Lots happened in Bess of Hardwick life time, and its very descriptive. We are taken on a journey from her youth at Hardwick Old Hall, Derbyshire through her prosperity of four spouses, all detailed. The love of her life is singled out through beautiful letters, holding a sense of romance, when time and distance keep them apart, a longing to see each other, written terms of endearment with codes used. The book shows depth on Bess's last, powerful marriage, till death do us part; the break down, the famous separation, she was a woman to be reckoned with, the battle of the Shrewsburys.

We are shown all signs of the times, Bess outlived four monarchs, religion and politics which were hopelessly entangled, Bess survived by cultivating friendships on both sides. Protestant families granted lands by Henry VIII from the Dissolution of the Monasteries found their rise threatened by Catholics determined to retake the monarchy or die as martyrs.

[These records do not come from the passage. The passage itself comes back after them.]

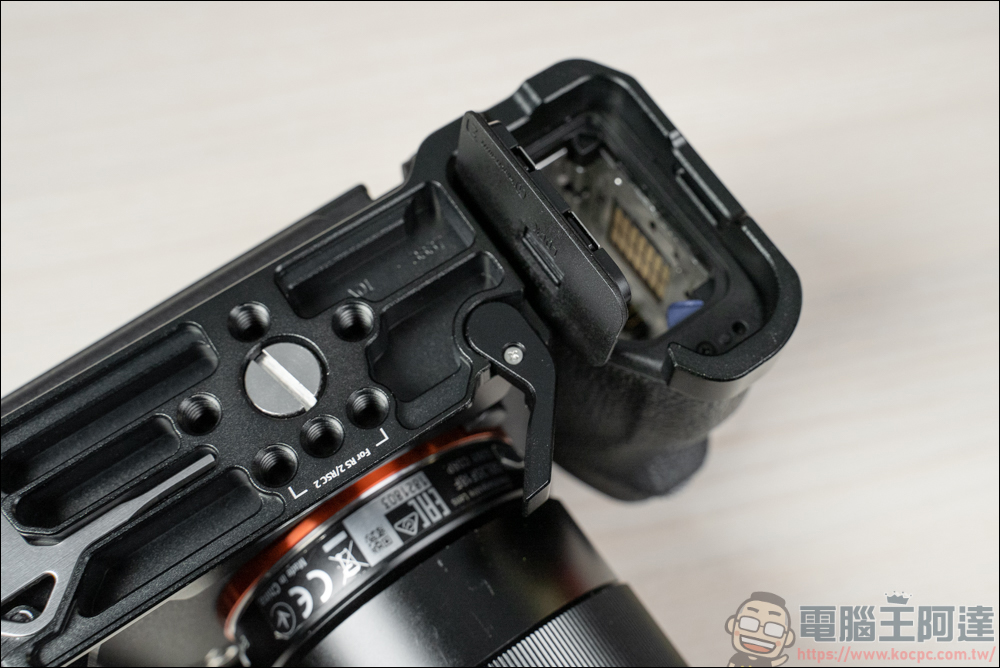SONY A7M4 SmallRig 3667 專用兔籠,長時間錄影工作者必備良器! - 電腦王阿達 SONY A7M4 SmallRig 3667 專用兔籠,長時間錄影工作者必備良器! - 電腦王阿達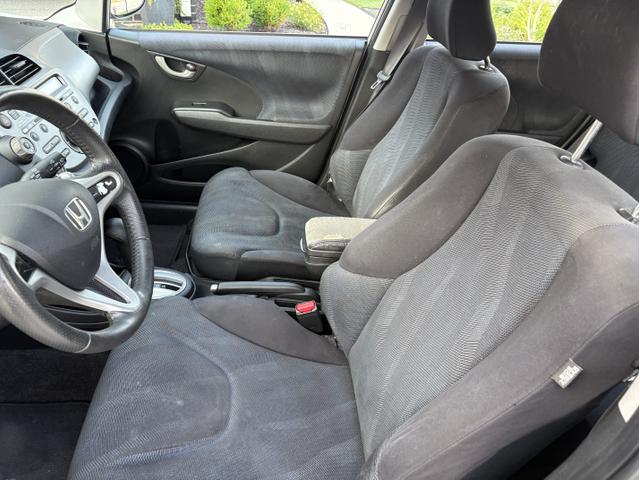 Photo of 2011 Silver Honda Fit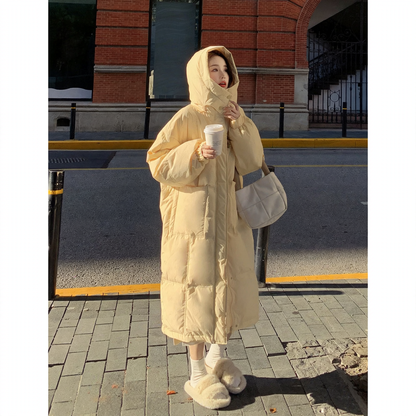 Mid-length, padded women's coat, knee-length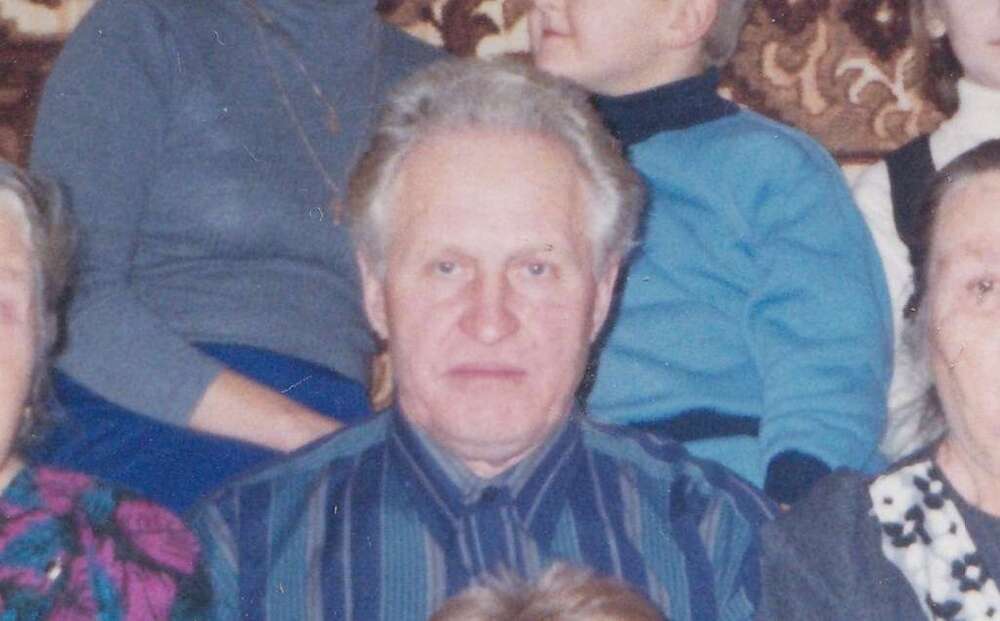 овал 30-40 ч.б белый фон 2 отверстия.jpg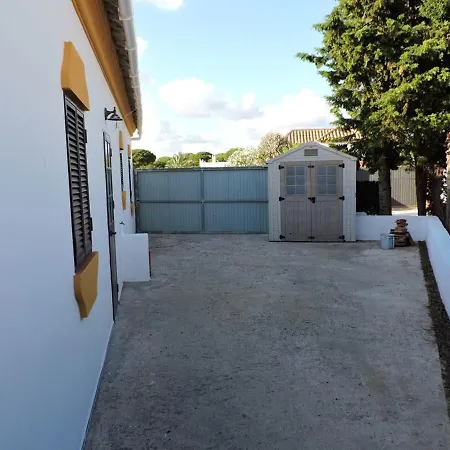 Villa Conil: Beachside Retreat With Pool And Wi-fi *
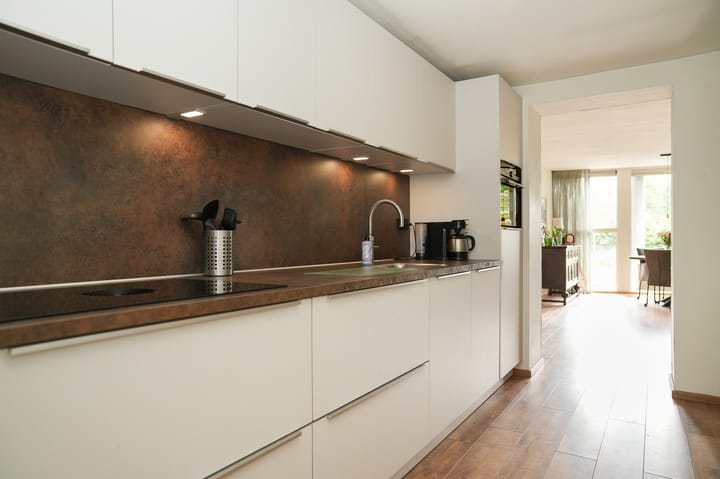 Photo 10 of Dorpsstraat 63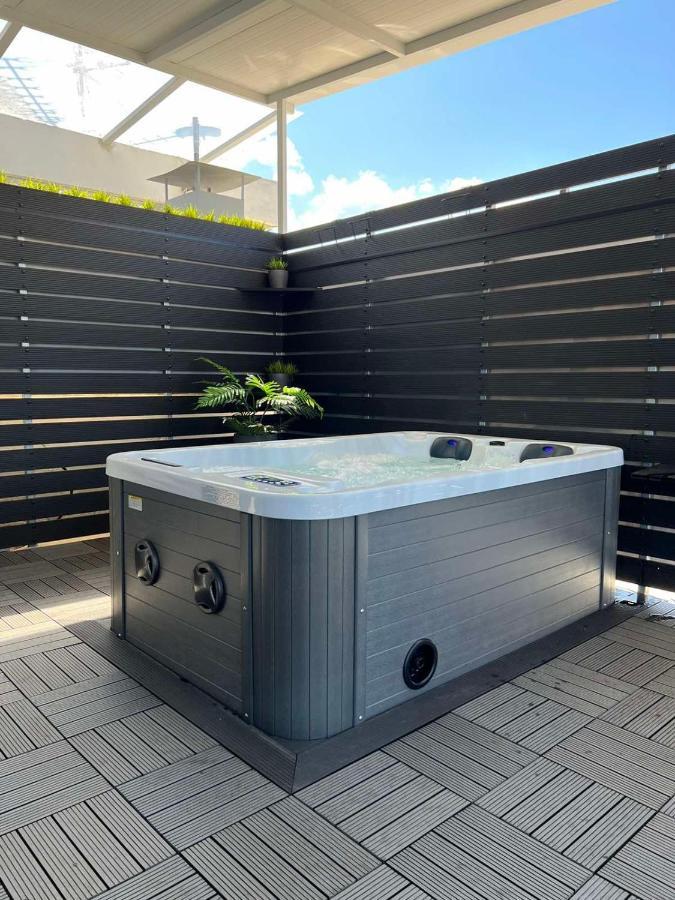 Loft Spa Greece - Enjoy Our Jacuzzi Calamata Exterior foto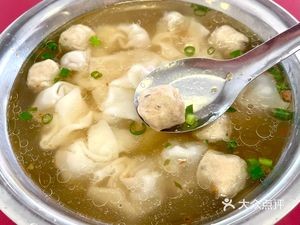 Ba Min Yuan Yun Tun Jiao Zi (Jiuquwan Road Store)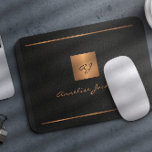 Monogram, modern elegant, skript namn guld svart<br><div class="desc">Luxury exklusiv tittar personlig i monogrammerad snyggt i munspad med en faux guld metallic glitter square och linjer över en snyggt med svart läderbakgrund i klass.          Anpassa den med texten,  ditt namn och initialer i monogrammet.</div>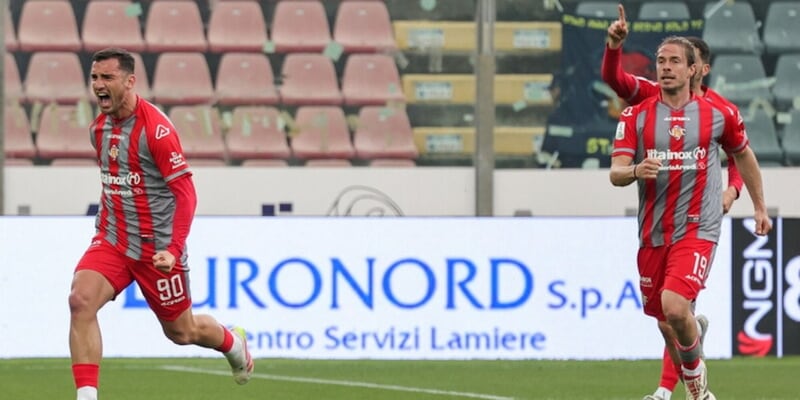 La Cremonese difende il quarto posto, Cesena quasi salvo: pari col Frosinone 1 La Cremonese difende il quarto posto, Cesena quasi salvo: pari col Frosinone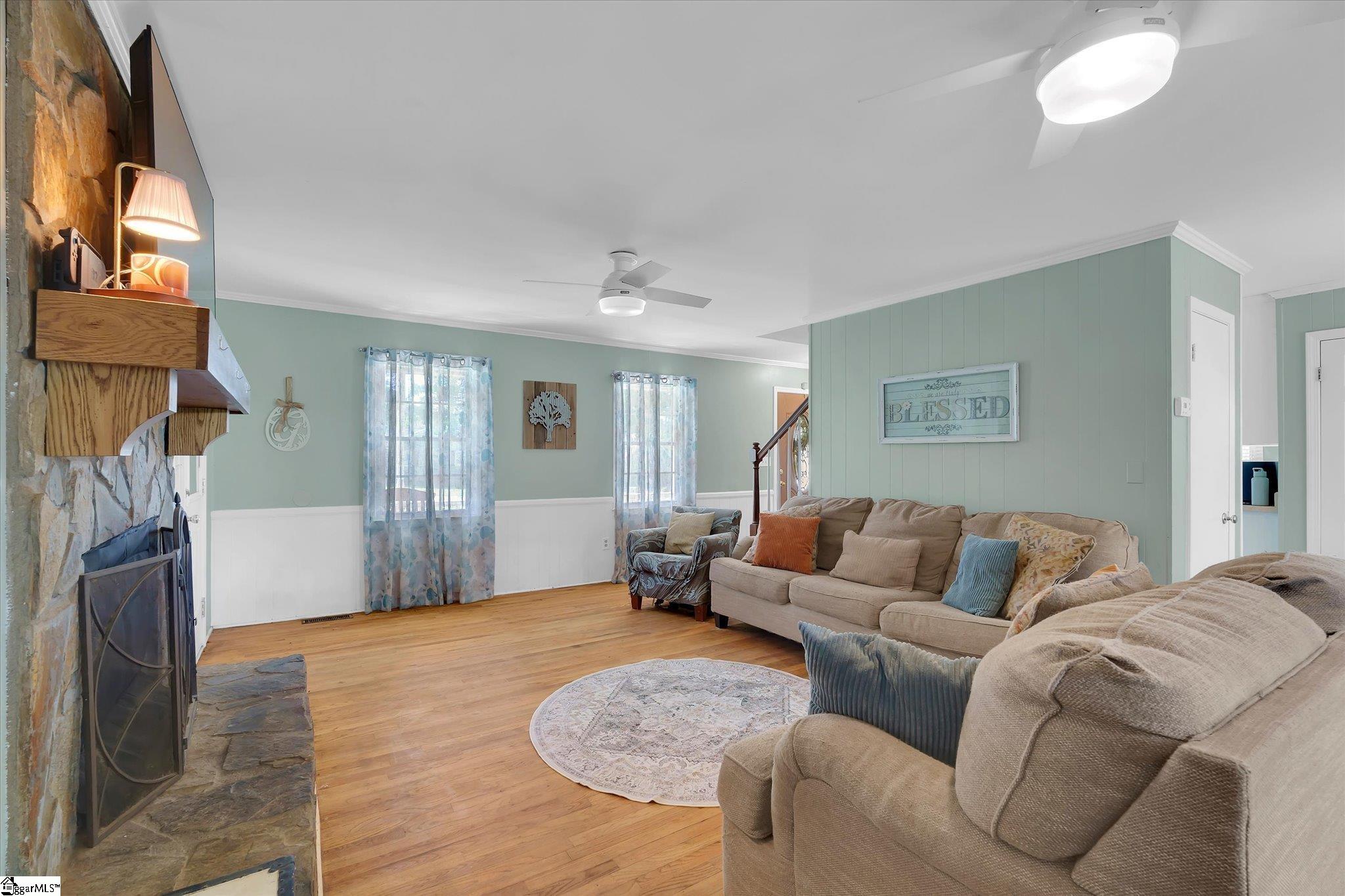 105 Sunset Court Property Photo 8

The Grey family who Bess knew, were power driven after the young Edward VI death, their plots were their daughters death warrant, an upraising, she was nothing more than a pawn, the poor blinded Lady Jane Grey was left groping for the block murmuring, "What am I to do? Where is it?", stills shocks. Mary Tudor return to the Catholic faith, her marriage to Philip of Spain was acknowledge but not accepted, these were bloody times. Elizabeth I is shown presiding over a Merry England with tight-fisted benevolence, this period also covers the Anthony Babington plot, Mary Queen of Scots involvement and death.

The Author throughout the whole of this book, has thoroughly absorbed the accounting books of Bess, told in a detailed and fascinating way. Expenditures, Bess's workings of her great estates and households for which were efficiently administered. Servants, food, materials for clothes, gold and silver thread for her needlework, education costs for her children, her obsession with Building work or the extra layout from being made a custodian to Mary Queen of Scots but not just personal matters; costs were a matter of corporate status as well. Those who held or aspired to authority, in which money plays a large part, needed to justify their claims by just such an expenditure, and competitive consumption came to be the order of the day, as each sought to demonstrate that his (or very occasionally her) cultural credentials were of the highest order. If you walked straight into Hardwick Hall those credentials are visual today, rich tapestries, plaster friezes, alabaster fireplaces which colour the rooms, to the hauntingly atmospheric Long Gallery.

Bess of Hardwick her manipulative charm attracted passionate supporters, she built and furnished beautiful houses, including the first Chatsworth. Grandmother to Lady Arbella Stuart who was for some time considered a possible successor to Elizabeth I, creative match-making issued in six ducal dynasties, three earldoms and a barony. Her great stone initials E.S set on the battlements of Hardwick Hall against the Derbyshire skyline awe the visitor with magnificent self-assertion today. Bess of Hardwick full of shrewdness, she became one of the richest and most remarkable women of Elizabethan England, and this biography outlines her many roads and buildings to success.

Overall I found this outstanding, the footnotes given at the bottom of certain pages are extremely helpful and informative, creating no confusion over whose, who, fathers their sons, uncles, cousins or mothers their daughter and aunts all had the same names so these are nicely separated out. Also words that are not familiar to us all nowadays, but were popular back then are all given meaning. Inspiring, interesting and an in-depth account, highly recommended reading.